Every night, score of migrants lay down with occasional closing eyelids on our station platform. With dreams in their eyes, they let the night pass to catch the next morning’s train going to Delhi or Punjab. There they work as daily labourers in the factories, farms, construction sites or similar kind of establishments. These people mostly tie up the journey money in their safe waist. The scores of dreams are carried in the general coaches of train, not better than packed livestock. If coolies are given some money they can push them inside the packed coach. No wonder, if slipper falls on the track or co-traveler has to get down because he can’t travel standing on the stairs.

These are mostly hopeless farmers or labourers who have difficulty to get job or can’t earn well in our region. Our Gangetic planes have lush green fields and fertile lands. But irony is that the agricultural produce is just sufficient to feed the people and sell the part of it to buy the family needs. Then there comes nature’s fury in the form of flood.

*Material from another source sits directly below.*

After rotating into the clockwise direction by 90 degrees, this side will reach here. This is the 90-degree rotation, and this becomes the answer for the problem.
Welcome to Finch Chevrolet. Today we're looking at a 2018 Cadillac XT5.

Let me adumbrate on the reality behind this situation, which discourages the need of looking into the real problem, with an incident. Last year on the occasion of cultural night on the eve of Independence day, my cultural group got enough permission to present a drama titled as “Patua” from the program managing authorities. Patua or Patsan is the local name of the Jute fibre. Based on the local farmers’ problems, this theatrical theme was conceived by us. In the direction of my mother, it was well shaped and an effective presentation was prepared with enough practice. It was our surprise that while doing rehearsal, at the end, at my pathetic cry, the neighbours used to sneak through the window with sympathy. On the actual performance evening, with my enthusiastic theatrical team, we reached the auditorium at before time itself. At the spot, we were informed that due to time constraint, our drama was cancelled off ! We were shocked on this coercion.

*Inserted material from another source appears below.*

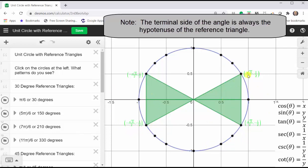In the first quadrant, x and y are positive, and therefore the cosine and sine function values are positive. In the second quadrant, x is negative and y is positive, and therefore the cosine function value is negative and the sine function value is positive. In the third quadrant, both x and y are negative, and therefore both the cosine and sine function values are negative. In the fourth quadrant, x is positive and y is negative, and therefore the cosine function value is positive and the sine function value is negative.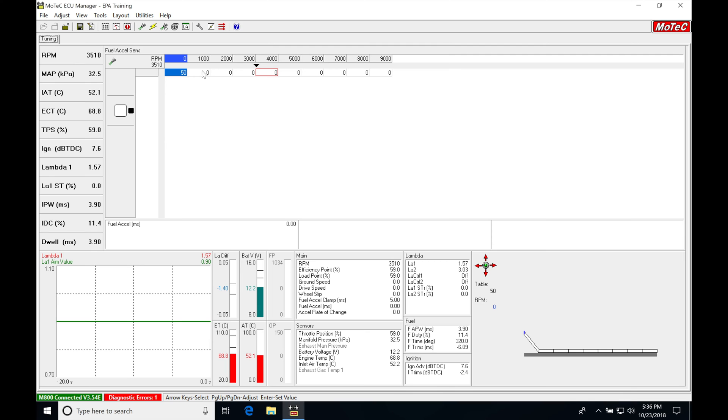What I'm going to have to do is add some values in here, because right now the sensitivity is at zero, so it's not going to kick in the acceleration enrichment at all. So actually, what I'll do is I'll bring my throttle down here, and we can see my throttle positions here.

Once permitted with the theme of drama on pen and paper, and next it was just cancelled. Behind the theatre, the reliable sources told us that, the invitees are the big businessmen of the town. My team’s voice representing the grass root farmers was looked askance, since the officials knew about the theme, the performing group and its malefic effects on the respected delegates. The other dance programs along with some patriotic songs’ dramatic performances were performed as usual to entertain them and make a ballyhoo of patriotic feelings.

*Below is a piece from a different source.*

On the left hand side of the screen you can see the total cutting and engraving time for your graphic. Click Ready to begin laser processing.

The significant business in our town depends on the business of Jute fibre too. Once upon a time the fibre of Jute used to give back good return. The price given to farmers used to be pretty high and the young man might have sold a bundle of Jute and return home back with a new bicycle. After popularity of plastic, truly the prices of jute has fallen but not that much that the same fiber gives in return only the token sum of money which in the most cases gives back only the investment. In this cultivation, the bonuses are the Senthi (the woody stem of Jute plants) and the leguminous nitrogen fixed in the soil by the roots. This nitrogen fixed is helpful to grow the next crop of paddy. For the helpless small farmers the thought of considerable profit is out of thought.

Even knowing all these, every agrestic migrant like to touch the moon in the distant land without uttering a single word, mesmerizes me.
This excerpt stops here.